# Horse days of the not so young and sometimes clueless..



## Kathlene (Feb 12, 2011)

So my horsey journal... this should be good... :lol: 

So I used to have horses years ago... the only thing I was taught was to get on and ride.... how to stay on, what to feed, what to do... was never 'taught' back then... internet was in its baby stages.. it wasn't an option for me for information... so I guess you could say I lived and learned.

It's been 14 years or so since I have had a horse. My dream was to have my own place where I could have my horses... and finally, in December I bought my house, out in the country with some land. I was given a horse the owner did not want (it was my Dad) was told he was 'kid broke' the most wonderful horse you could ever want! 5 year old sorrel quarter horse. I have since gained 2 more.. but this entry is about my the sorrel.. named Kenny.

I brought Kenny home... having visions of forever happiness and instant bonding. Knowing we would run through the fields, flowers would bloom in our stead and rainbows would appear..... REALITY CHECK!

Kenny did not lead well... this was a well learned lesson, made all the more lasting from the rope burns on my hands... 
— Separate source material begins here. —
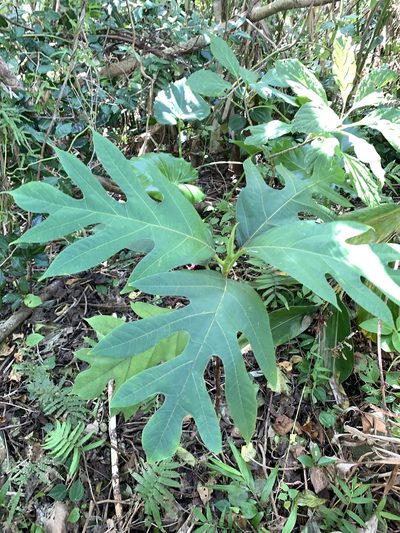 Artocarpus treculianus, photographed by 呂一起(Lyu yi-chi)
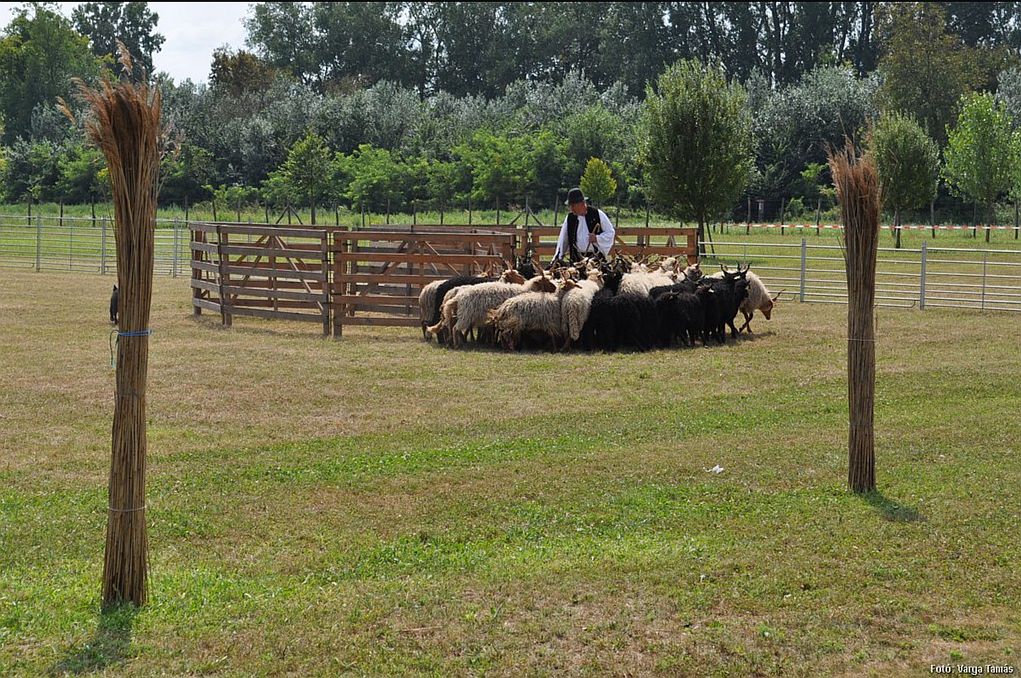 pasztorkutyak_tereloversenye_foto_varga_tamas.jpg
Kenny does did not like being saddled... exhibited by running backward into the fence and attempting to go over the top of me... 

at that point, I choose not to ride him.... yeah, so I'm a chicken. Eventually, I did, just not at first. I was doubting the accuracy of the informaiton on his gentle and compliant nature.
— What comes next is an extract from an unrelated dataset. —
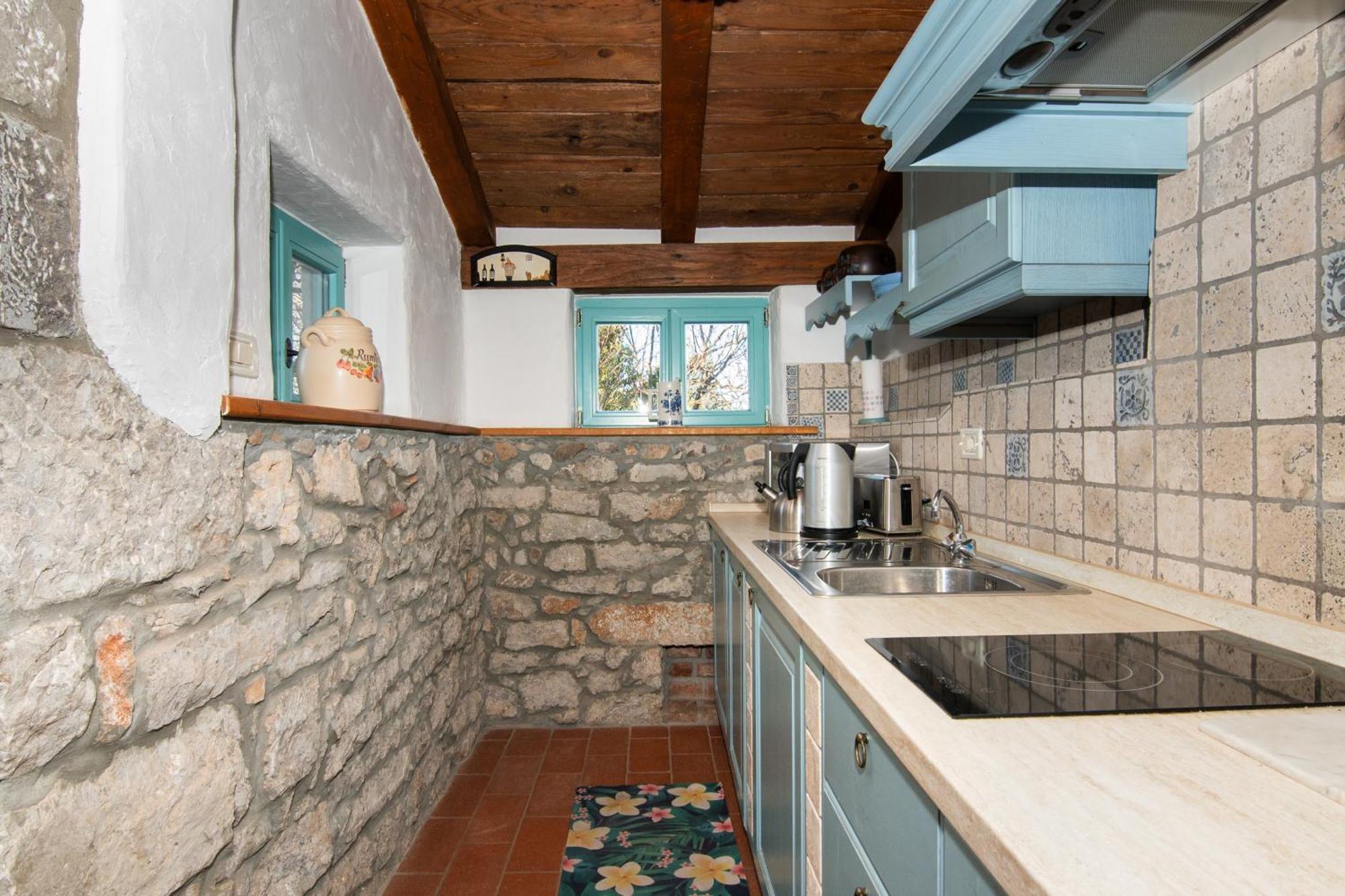 Apartments Valentinus 1800 Sežana エクステリア 写真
Kenny has literally pinned ears and ran at people in the pasture, ran past me kicking and bucking..I choose to believe he was playing, but others seem to disagree... he has stepped on my feet, hit me with his head, tried to walk over the top of me... he chews EVERYTHING...my clothes, the brush, the lead rope...my boot when I try to ride...
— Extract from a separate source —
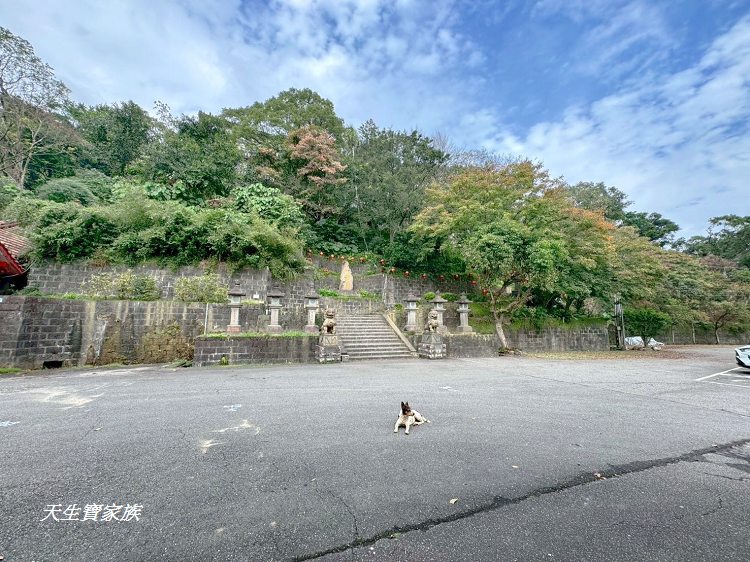 新北市景點、汐止景點、拱北殿、拱北殿步道、拱北殿賞楓時間、汐止拱北殿怎麼去、拱北殿一日遊、拱北殿即時影像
Now that was back in December... we've come along way! We lead better, I haven't been stepped on in a month. He has been ridden. This first time was not by me, but a friend who has ridden horses all his life... he was bucked off. We have persisted. The last 2 times, he has not bucked... we're making progress. 

The bonding... well, for my part... I love him! He nickers when he sees me, he comes to me when he sees me in the pasture, he follows me when he can get to me. I can scratch his ears and rub his head...at first NOthING came near his head without head throwing and evasive action on his part. Today, I sat out in the pasture with him smelling my hair, rubbing his head on my shoulder and back, and at one point licking my leg... not bitting, licking... it this weird? It was to me! I think 'the bond' is off to a good start.. the rest will come along...:wink:


----------